Your code (full program or function) will receive an array of skittles (10x10) as input (in any reasonable format). This array will represent a pile of unsorted skittles. Your task is to "eat" them from your least favorite to favorite color. My preferred order is grape, green apple, lemon, orange, strawberry, but you are free to choose any order so long as it is consistently enforced (please list your preference in your submission so I can judge you for it). After eating each piece of candy your code will output (in the same format you take input) the remaining pile with the eaten piece replaced by a space.
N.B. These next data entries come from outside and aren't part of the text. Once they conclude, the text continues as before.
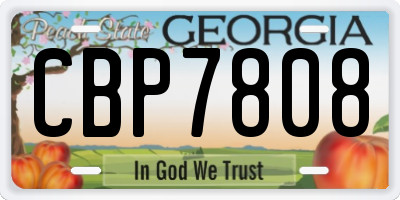GA license plate CBP7808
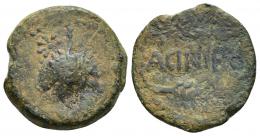 3002 - HISPANIA ANTIGUA. ACINIPO. Semis. A/ Racimo de uvas, a izq. estrella. R/ Dos espigas a der., en medio ACINIPO. AE 7,92 g. 22,8 mm. I-48. ACIP-2499. BC.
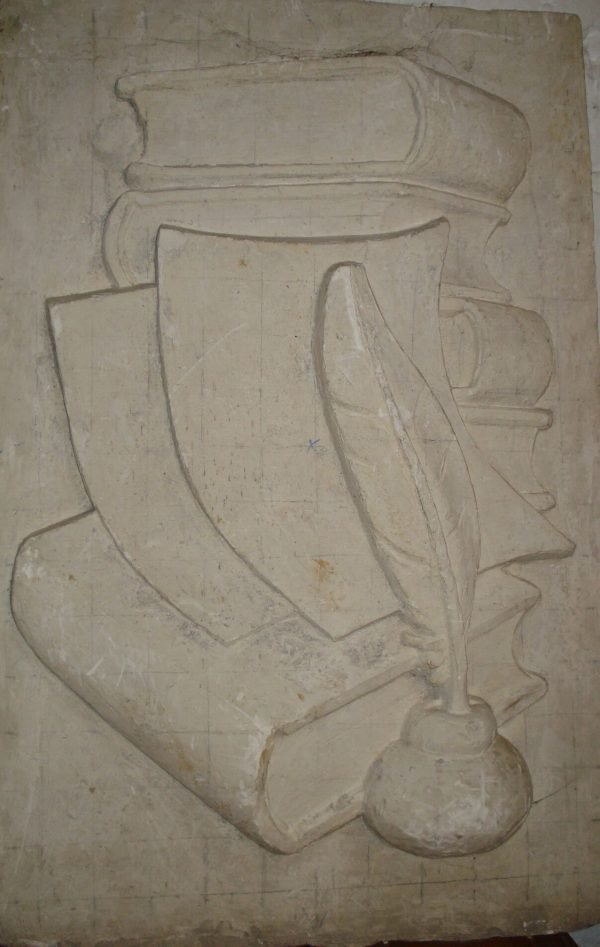 Eric WANSART, plaquette représentant La Littérature, pour le palais des Congrès, à Bruxelles.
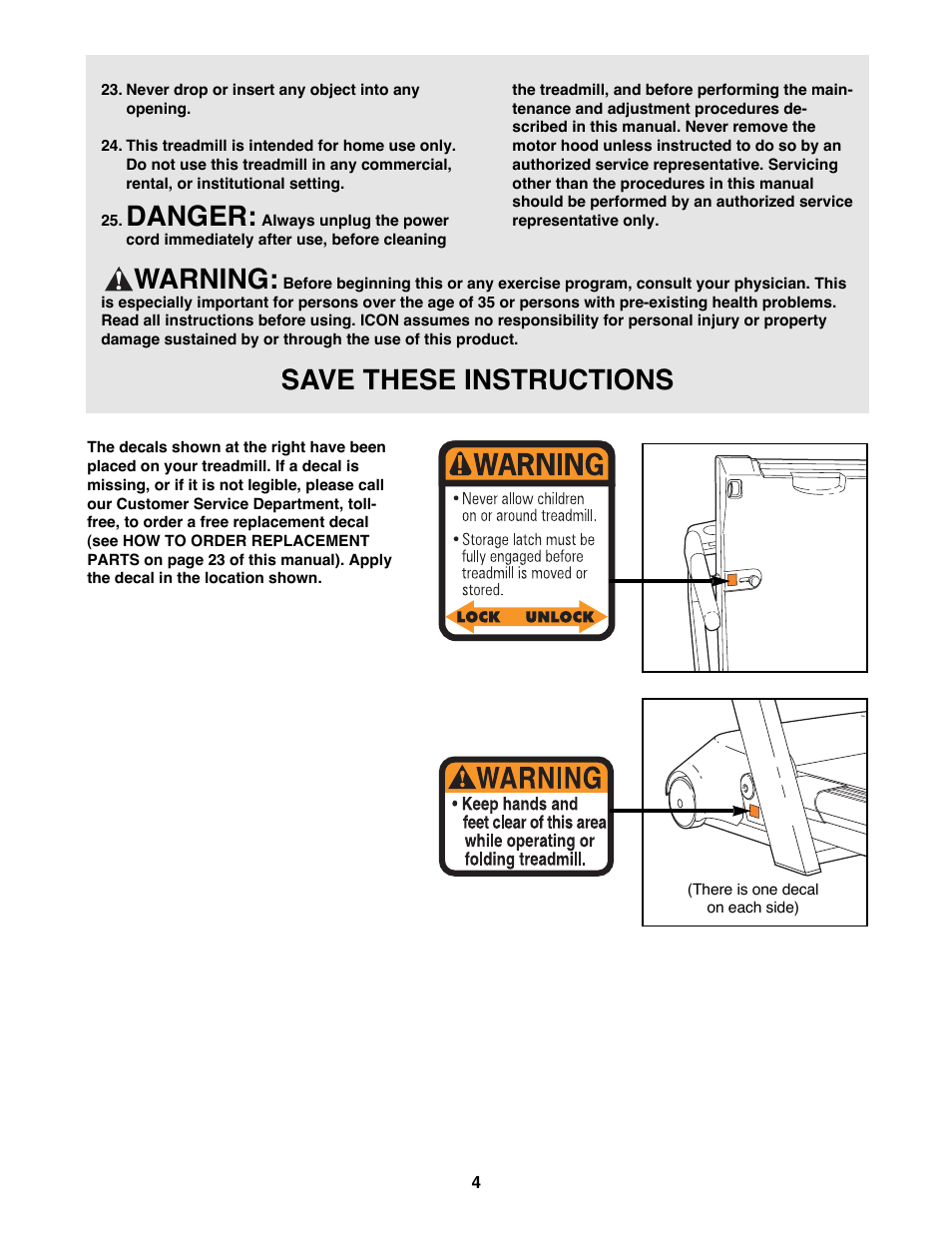 Danger, Warning, Save these instructions | Reebok Fitness RBTL13980 User Manual | Page 4 / 26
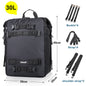 Rhinowalk motorcycle saddle bag in black, waterproof with 10/20/30L capacity, mounted on motorcycle seat for versatile cycling storage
You will repeat until only your favorite remains. You may choose any skittle to eat (may be random or deterministic). Trailing spaces must be kept.

For example, your output sequence could look like this (using 5x5 for brevity and showing spaces as .)

start   1     2     3     4     5        n 
.org. .org. .org. .org. .or.. .or..    ..r..
prgrg .rgrg .rgrg .rgrg .rgrg .r.rg    .r.r.
gggpr gggpr ggg.r ggg.r ggg.r ggg.r    ....r
oyyor oyyor oyyor oyyor oyyor oyyor    ....r
.r.p. .r.p. .r.p. .r... .r... .r...    .r...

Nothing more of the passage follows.